Gli attori protagonisti in una scena del film.
Questi eterni giovani in un eterno presente in realtà stanno cercando tempo e spazio per crescere. Una dimensione ovattata e poco gentile nella periferia romana rallenta questo processo, fino ad accelerarlo bruscamente alla fine. Il film di Parroni s’incunea tra le pieghe di un cinema dai codici meno accessibili, ma che antepone lo sguardo alla scrittura come unico centro drammaturgico.

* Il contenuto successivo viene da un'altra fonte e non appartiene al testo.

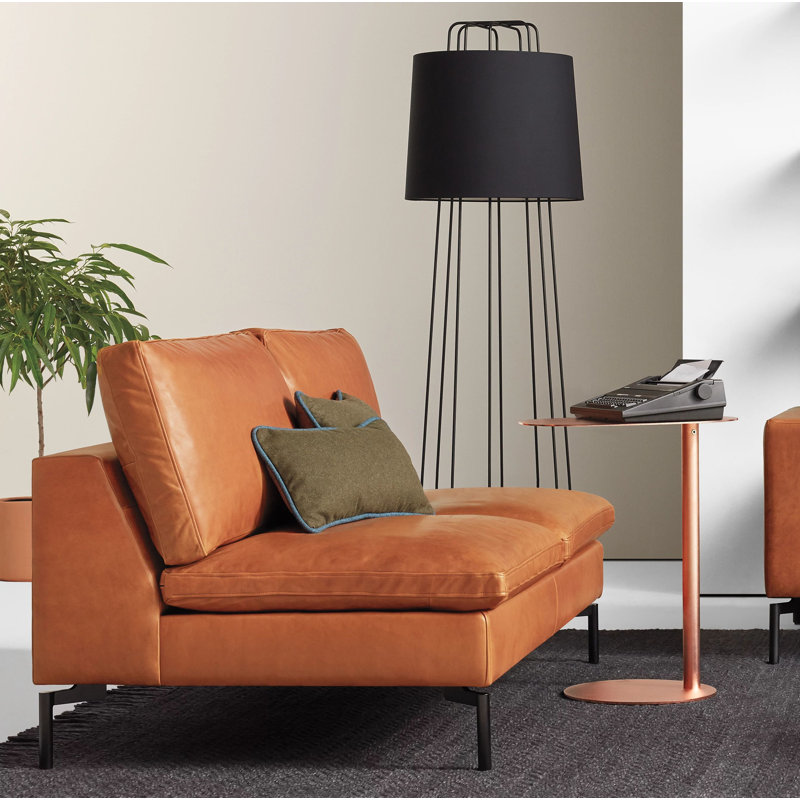 New Standard Loveseat, Toffee Genuine Leather, Black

Il doppio binario semantico su cui gioca il titolo
Se a tema è una generazione e i suoi margini – intesi come confini che aprono e emarginano – Parroni sembra volerlo semplicemente mostrare. In questo senso, Una sterminata domenica è un’immersione estetica dentro la vita dei tre protagonisti. Le inquadrature, il montaggio e i giochi di luce (fotografia di Andrea Benjamin Manenti) sono elementi di sperimentazione e dominio nella pellicola, ma anche di congiunzione con un cinema ruvido, dallo stesso Wenders a Garrone.

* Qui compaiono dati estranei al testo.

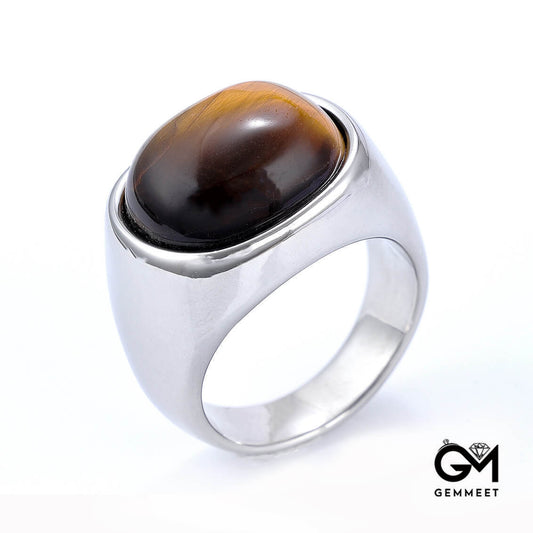 Hot Mined Stainless Steel Tiger's Eye Ring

Se l’estetica è il punto di vista privilegiato da cui narrare quanto accade nel film, il rischio è l’esaltazione edonica degli aspetti che contraddistinguono maggiormente la generazione oggetto del lungometraggio. Già nel titolo, Una sterminata domenica pare giocare su questo doppo binario semantico. Da una parte, i protagonisti stressano il tempo, che smette di esistere per coincidere esclusivamente con il qui e ora. La pellicola dunque eccede, creando nello spettatore l’illusione che ci sia bellezza nell’oggetto del racconto. L’estetica del lungometraggio agisce così sull’audience, permeandone il nodo centrale e “tradendo” la volontà, a monte percepibile nelle intenzioni del cineasta, di sospendere il giudizio nel raccontare la storia. L’attribuzione di positività si disperde nella fase finale del film, lasciando spazio alla disperazione come altro senso intrinseco nell’aggettivo “sterminata”.

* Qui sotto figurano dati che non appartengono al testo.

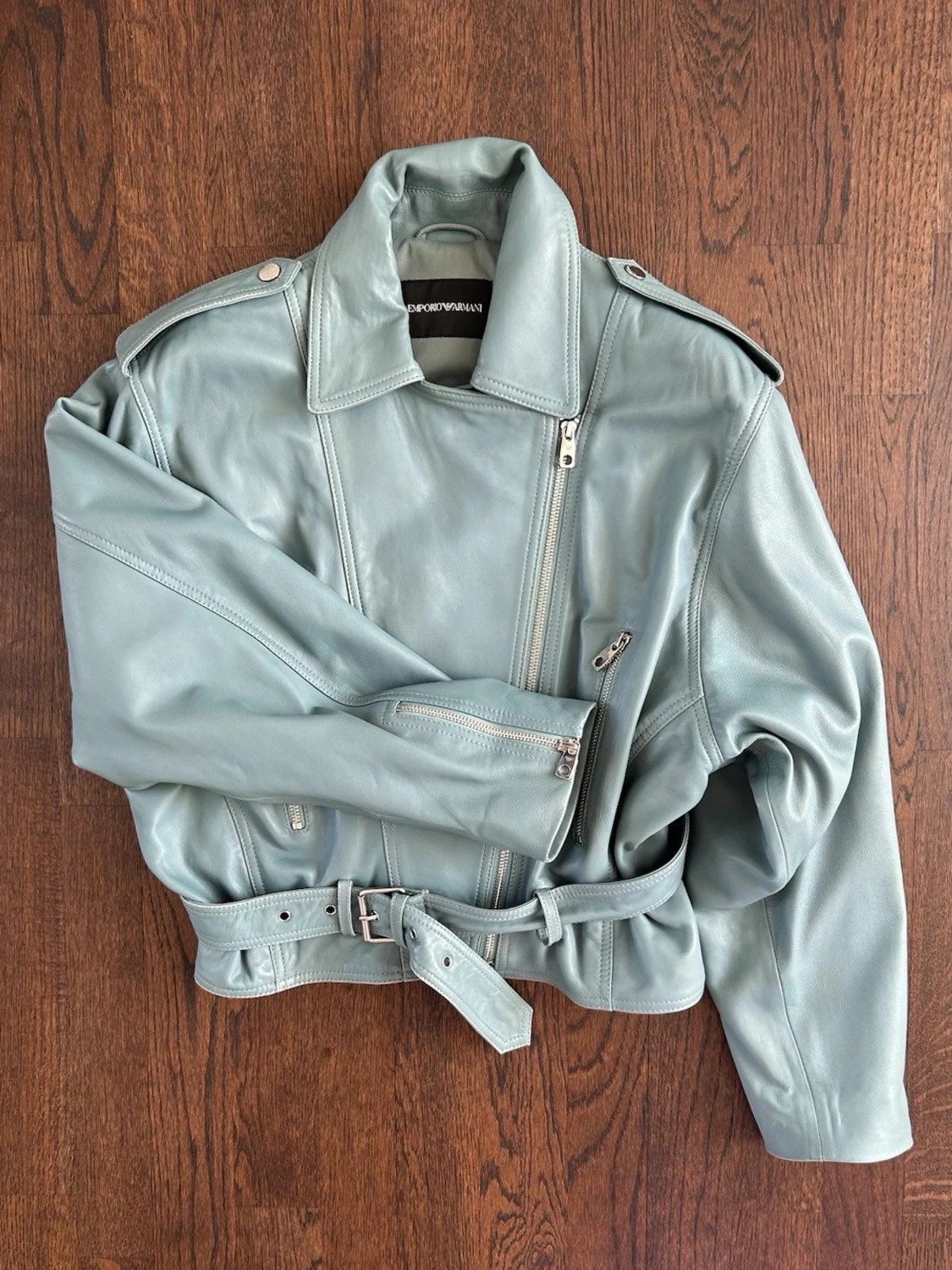 Emporio Armani Leather Jacket Turquoise Women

Nonostante i presunti tentativi di astensione sentenziale, nel suo epilogo la pellicola mostra tutta la sua potenza visiva e narrativa. E lo fa nell’escalation di dramma in cui appare forte e feroce l’etica del racconto, impossibile da celare se si pensa all’oggetto/soggetto della storia. E va bene così. È quando arriva questo “smacco”, questa piccola grande crepa nell’intenzioni del regista, che il film va a segno. Perché credere in qualcosa è impegnativo, ma anche fare in modo che lo spettatore lo senta.